A nossa música - em destaque:

"Eu tenho essa coisa de puto, que é achar que o presente se digna sempre a vir ter connosco, sorrateira ou ruidosamente.
Fui ter então com uns quantos músicos, instrumentistas, cantores, cantoras, e dei-lhes o que tinha a dar, as minhas canções como pretendentes prometidas: casa-não-casa, no fundo convites honestos à prática da bigamia.
Como a fome vai ao osso, o certo é que todos se deram valorosamente à tarefa.
E nos breves encontros, trocamos muita informação, pintores trocando tintas, criando, cada forma e cada cor, o seu fresco colectivo.

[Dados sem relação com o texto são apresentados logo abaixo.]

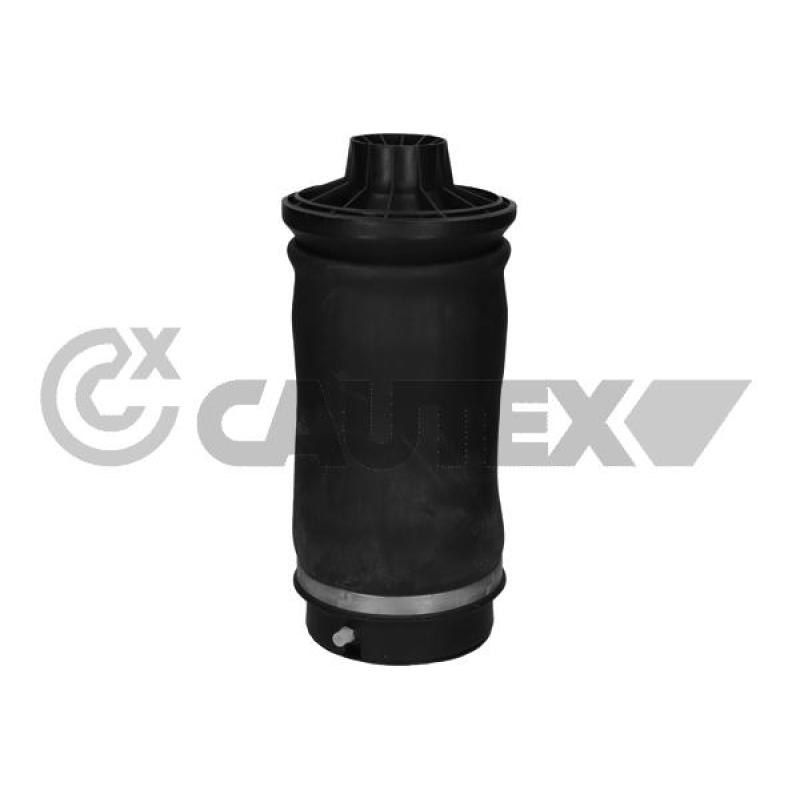 Ressort pneumatique, châssis CAUTEX 753068 - Visuel 1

Seja dito que nada disto é definitivo.
Nunca vi qualquer canção como sendo prisioneira, ou de si mesmo salvadora.
Ela raspa no chão, arranca e ataca, e logo se imobiliza: assim respira, à espera de quem a ouça e a reconheça.

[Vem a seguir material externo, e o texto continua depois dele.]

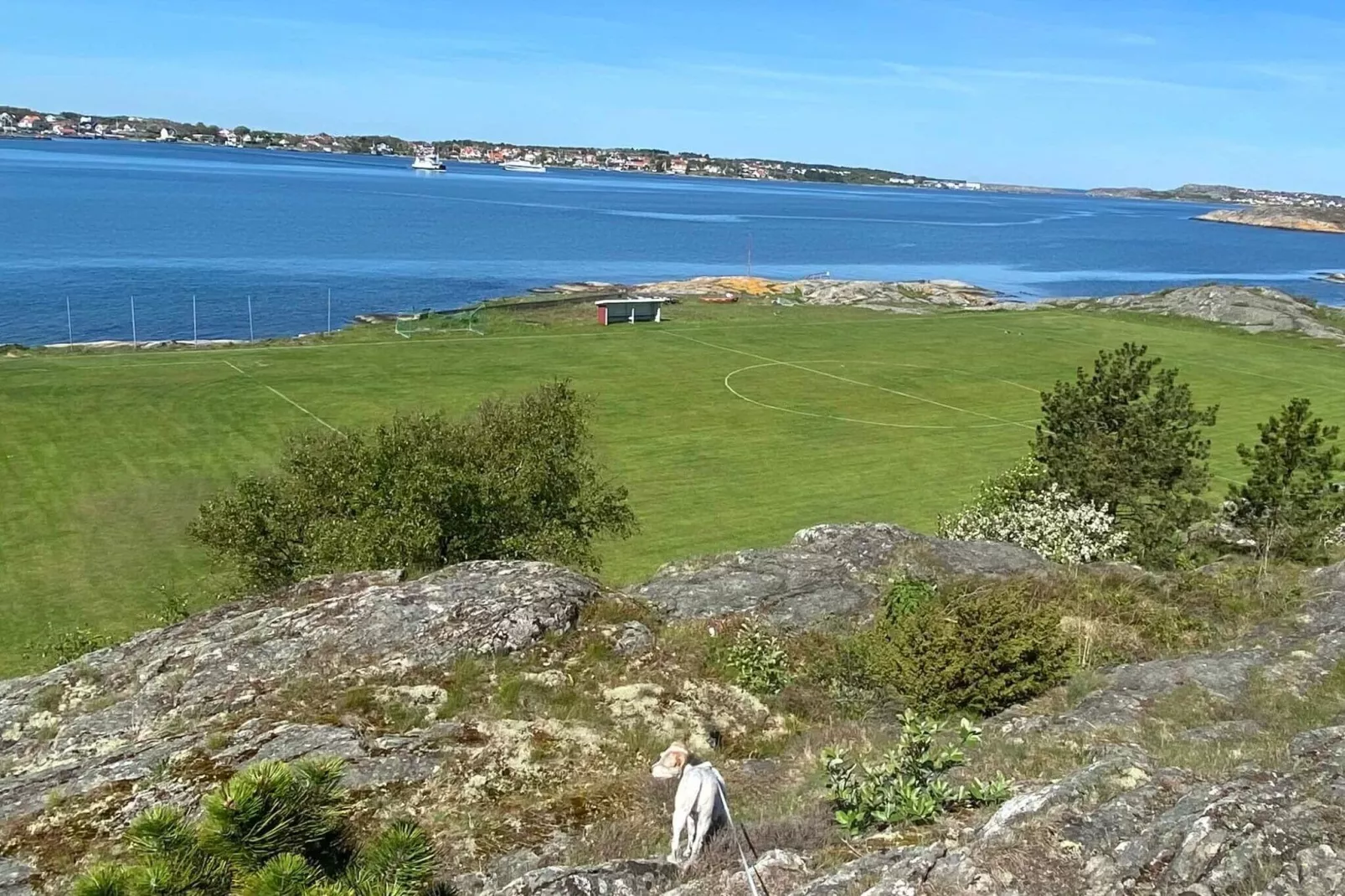 2 person holiday home in Kalvsund-Outdoor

Não sou obrigado ao obrigado que vos devo: antes o faço com o mais imenso prazer.
Vocês deram-se à tarefa, como a fome foi ao osso, como muito duro osso se roeu, como a roupa se desprendeu e se colou ao corpo; e o que tinha um ou dois sentidos passou a ter mais um ou dois. Letra na letra, música na música, bigamias tanto passageiras como sustentáveis, e o irmão do meio revolvendo feliz no turbilhão da família em permanente resolução."